In questo panorama dell’orrido merita attenzione la sentenza su un fattaccio avvenuto a Firenze 5 anni, la quale, pur nella sua opinabilità, permette una lettura un pò più profonda di quello che è ormai un fenomeno di massa.

La ragazza, allora diciottenne, venne violentata da tre suoi “amici”, compagni di classe, mentre era sotto effetto di alcool e canne. Giunge dopo “appena” 5 anni la sentenza di assoluzione, perchè “non avevano capito il rifiuto della ragazza” e “spinti dall’eccitazione hanno fatto di tutto per indurre la ragazza a intrattenere un rapporto plurimo, che gli stessi avevano coltivato nelle settimane precedenti “.

Plurimo? Un vocabolo elegante! Coltivato? Dove? Nella loro fantasia? Negli approcci presi con la ragazza? Nella premeditazione del fatto stesso?

Certamente il loro comportamento è stato “eccessivo”, ma come non considerare che esso è stato condizionato dal fatto che la ragazza non era “al massimo della lucidità” , e si e quindi determinata una “situazione certamente equivoca”?

Altra riflessione suggerita dalla sentenza è che i ragazzi sono stati “condizionati da un’inammissibile concezione pornografica delle loro relazioni con il genere femminile”. C’è da chiedersi: attenuante o aggravante? E ancora: chi gliela avrà trasmessa questa laida concezione?

A prescindere dal caso specifico e dalle valutazioni di merito sulla sentenza, due elementi ritornano costanti in queste narrazioni dell’orrore: alcool e droghe che ottundono i cervelli e la pornografia che riduce nella mente del consumatore l’altro, qualunque altro, ad oggetto spersonalizzato del proprio piacere.
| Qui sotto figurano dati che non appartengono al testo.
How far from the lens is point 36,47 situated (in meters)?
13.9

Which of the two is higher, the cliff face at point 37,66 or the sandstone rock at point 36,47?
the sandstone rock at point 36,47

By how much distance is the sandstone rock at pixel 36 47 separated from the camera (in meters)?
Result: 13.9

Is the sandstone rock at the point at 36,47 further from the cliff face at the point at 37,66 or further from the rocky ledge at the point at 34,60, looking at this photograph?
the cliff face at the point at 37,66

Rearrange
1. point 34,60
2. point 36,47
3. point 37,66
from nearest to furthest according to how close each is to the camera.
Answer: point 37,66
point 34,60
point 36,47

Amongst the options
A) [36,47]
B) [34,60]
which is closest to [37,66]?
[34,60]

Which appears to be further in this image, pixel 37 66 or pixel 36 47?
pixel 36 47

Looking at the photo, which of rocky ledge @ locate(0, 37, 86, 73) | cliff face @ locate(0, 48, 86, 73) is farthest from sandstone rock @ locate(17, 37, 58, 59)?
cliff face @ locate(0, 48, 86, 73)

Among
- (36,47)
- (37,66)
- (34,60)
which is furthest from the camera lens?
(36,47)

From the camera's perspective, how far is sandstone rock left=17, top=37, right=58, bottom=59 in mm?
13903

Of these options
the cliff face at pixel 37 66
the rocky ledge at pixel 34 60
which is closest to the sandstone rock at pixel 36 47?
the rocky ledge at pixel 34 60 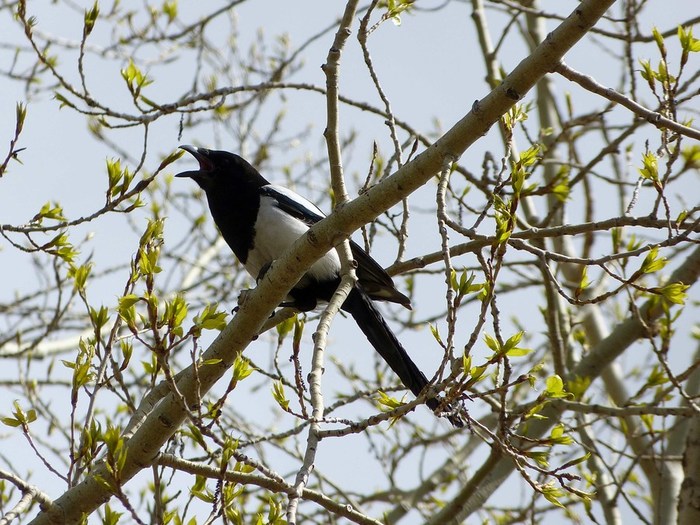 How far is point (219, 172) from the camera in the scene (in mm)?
5168

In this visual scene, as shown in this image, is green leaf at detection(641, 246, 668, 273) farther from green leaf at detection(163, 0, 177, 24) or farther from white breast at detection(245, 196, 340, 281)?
green leaf at detection(163, 0, 177, 24)

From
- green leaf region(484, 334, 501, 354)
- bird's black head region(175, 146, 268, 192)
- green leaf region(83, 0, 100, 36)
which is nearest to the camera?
green leaf region(484, 334, 501, 354)

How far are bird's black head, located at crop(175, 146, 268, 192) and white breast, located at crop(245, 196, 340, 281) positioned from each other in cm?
43

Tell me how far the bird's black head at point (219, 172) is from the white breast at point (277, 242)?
0.43 m

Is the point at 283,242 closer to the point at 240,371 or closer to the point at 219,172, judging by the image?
the point at 219,172

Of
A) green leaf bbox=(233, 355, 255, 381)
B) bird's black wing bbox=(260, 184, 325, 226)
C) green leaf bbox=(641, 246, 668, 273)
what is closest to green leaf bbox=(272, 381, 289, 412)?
green leaf bbox=(233, 355, 255, 381)

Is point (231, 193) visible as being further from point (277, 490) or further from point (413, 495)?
point (277, 490)

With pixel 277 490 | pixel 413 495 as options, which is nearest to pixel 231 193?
pixel 413 495

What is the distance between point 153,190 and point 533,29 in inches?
128

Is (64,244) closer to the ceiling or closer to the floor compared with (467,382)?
closer to the ceiling

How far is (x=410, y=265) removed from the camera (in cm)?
380

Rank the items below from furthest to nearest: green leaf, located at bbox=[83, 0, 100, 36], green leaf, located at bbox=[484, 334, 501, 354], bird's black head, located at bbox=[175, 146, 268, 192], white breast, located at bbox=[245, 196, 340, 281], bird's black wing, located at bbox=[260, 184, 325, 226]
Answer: bird's black head, located at bbox=[175, 146, 268, 192], bird's black wing, located at bbox=[260, 184, 325, 226], white breast, located at bbox=[245, 196, 340, 281], green leaf, located at bbox=[83, 0, 100, 36], green leaf, located at bbox=[484, 334, 501, 354]

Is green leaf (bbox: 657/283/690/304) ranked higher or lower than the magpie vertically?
lower

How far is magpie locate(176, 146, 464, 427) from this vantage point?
4312 mm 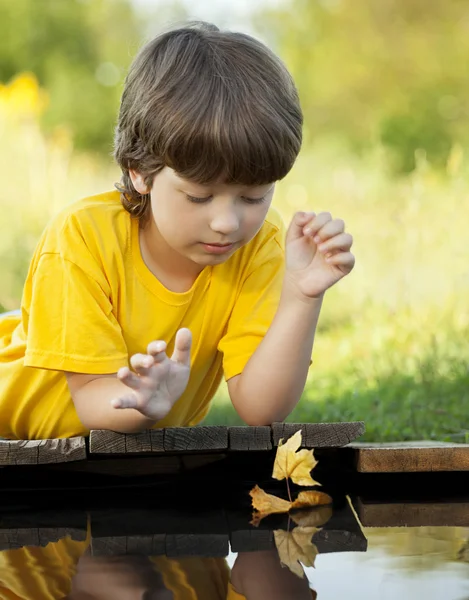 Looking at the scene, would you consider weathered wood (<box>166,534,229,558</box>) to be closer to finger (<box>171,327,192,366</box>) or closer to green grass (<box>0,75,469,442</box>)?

E non bisogna essere scienziati o psicologi per comprendere l’ovvietà di queste constatazioni.

Ma perché allora tutti gli scandalizzati maschiofobi, le femministe inviperite, i difensori dei diritti umani, non affrontano mai questi argomenti? Forse perché, nella loro visione libertaria e radicale, nel loro materialismo edonista, trovano “normale” che l’uomo perda il controllo e cerchi un piacere fine a se stesso, svincolato da ogni superiore riferimento alla sua dignità?

Soltanto se gli uomini ritroveranno la loro perduta dignità e se le donne sapranno imporsi al loro rispetto, lo stupro diventerà il cattivo ricordo di un tempo animalesco in cui l’uomo era appena un maschio e la donna appena una femmina. Chi lo spiegherà (e testimonierà), soprattutto alle nuove generazioni?